*Task brief*
Each and every line below goes into your answer unchanged, but leave out the images.

*Records for the task*
———
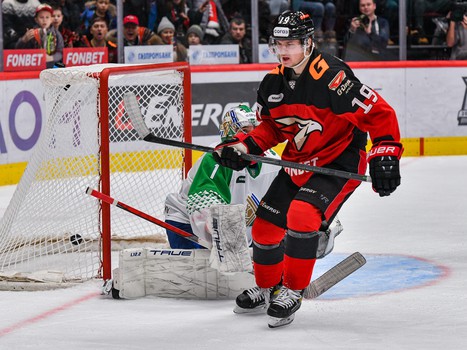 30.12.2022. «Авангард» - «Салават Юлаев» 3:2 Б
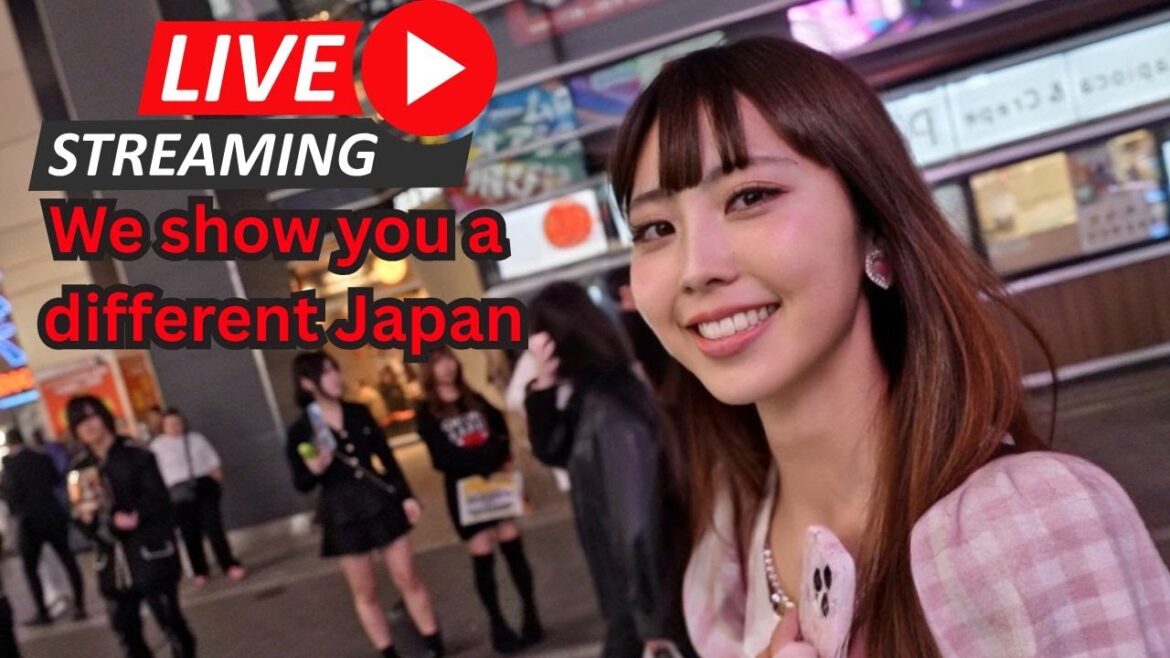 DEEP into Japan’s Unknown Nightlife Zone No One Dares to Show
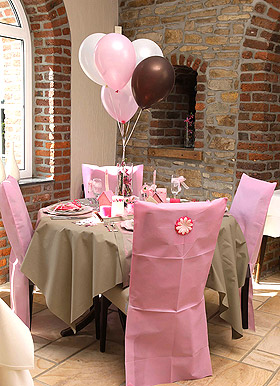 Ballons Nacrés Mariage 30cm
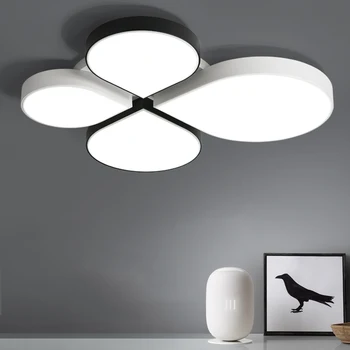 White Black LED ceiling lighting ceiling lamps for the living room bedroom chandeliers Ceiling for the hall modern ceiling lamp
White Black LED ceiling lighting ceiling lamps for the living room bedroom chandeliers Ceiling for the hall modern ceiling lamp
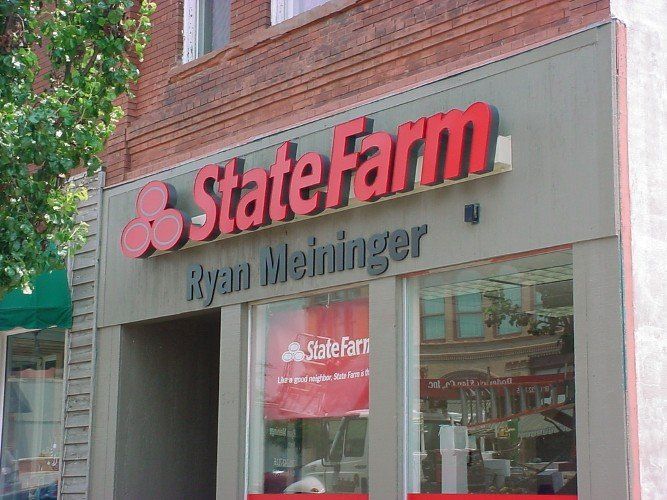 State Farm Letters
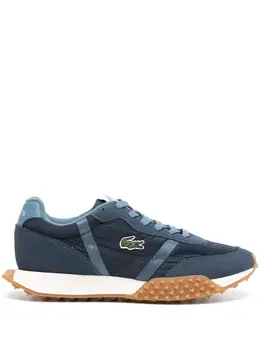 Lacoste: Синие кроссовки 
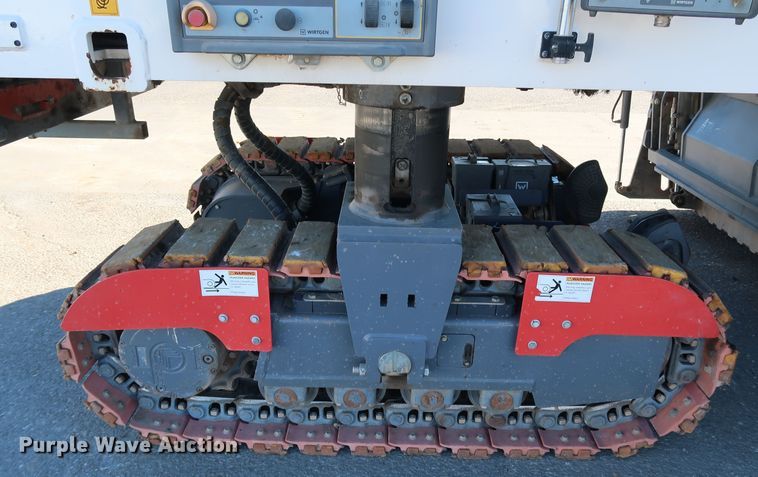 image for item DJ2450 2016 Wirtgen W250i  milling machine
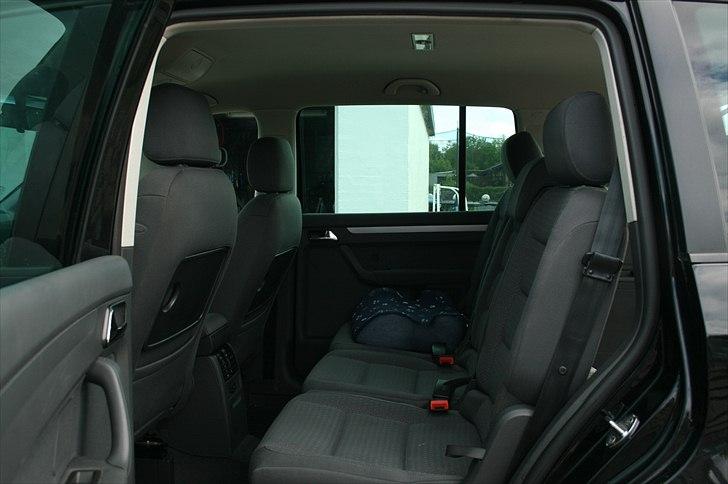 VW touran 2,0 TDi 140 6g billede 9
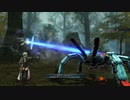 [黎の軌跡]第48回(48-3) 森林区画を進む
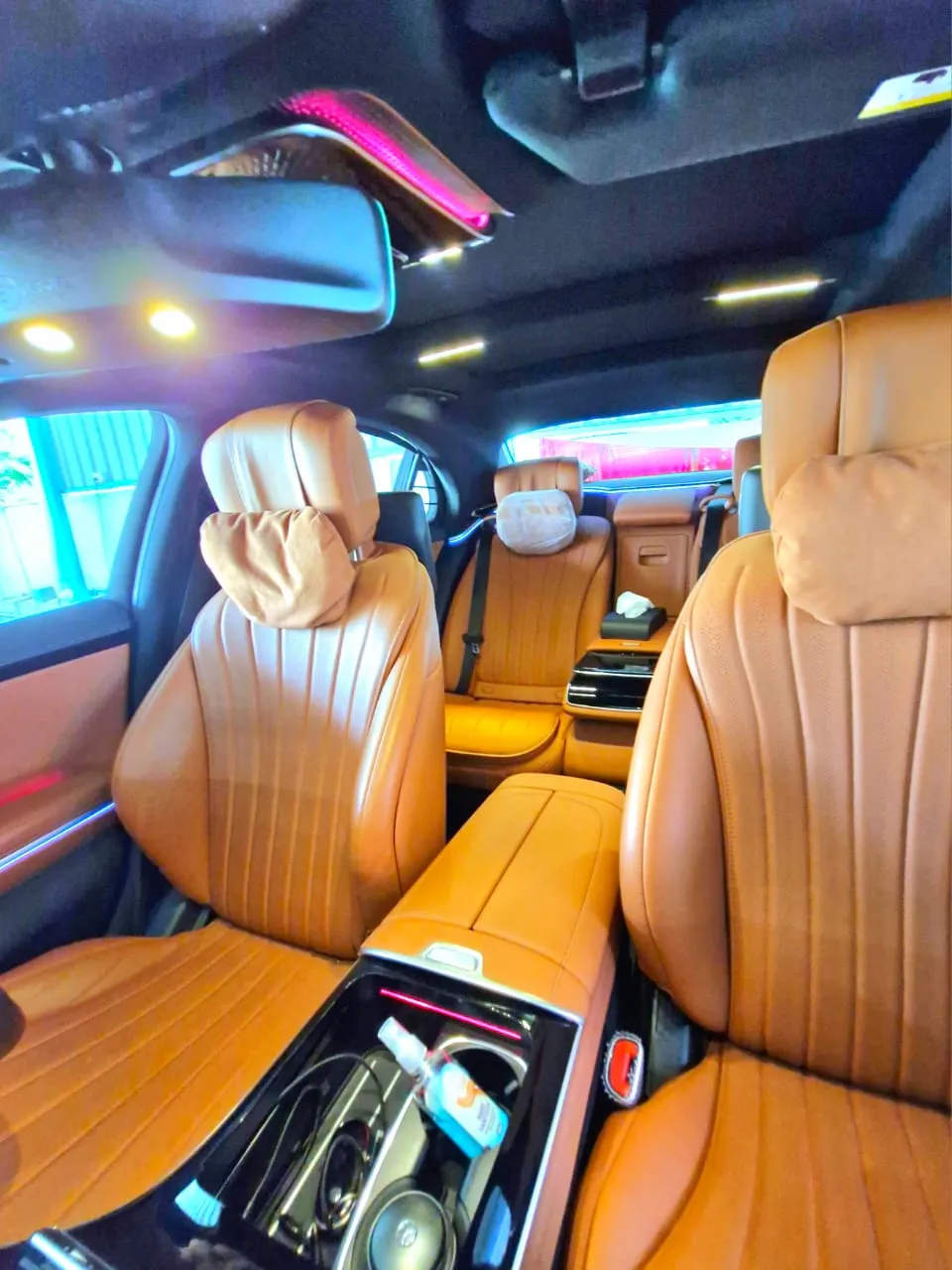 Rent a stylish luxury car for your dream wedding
———
*Answer for this exercise*
 30.12.2022. «Авангард» - «Салават Юлаев» 3:2 Б
 DEEP into Japan’s Unknown Nightlife Zone No One Dares to Show
 Ballons Nacrés Mariage 30cm
 White Black LED ceiling lighting ceiling lamps for the living room bedroom chandeliers Ceiling for the hall modern ceiling lamp
White Black LED ceiling lighting ceiling lamps for the living room bedroom chandeliers Ceiling for the hall modern ceiling lamp
 State Farm Letters
 Lacoste: Синие кроссовки 
 image for item DJ2450 2016 Wirtgen W250i  milling machine
 VW touran 2,0 TDi 140 6g billede 9
 [黎の軌跡]第48回(48-3) 森林区画を進む
 Rent a stylish luxury car for your dream wedding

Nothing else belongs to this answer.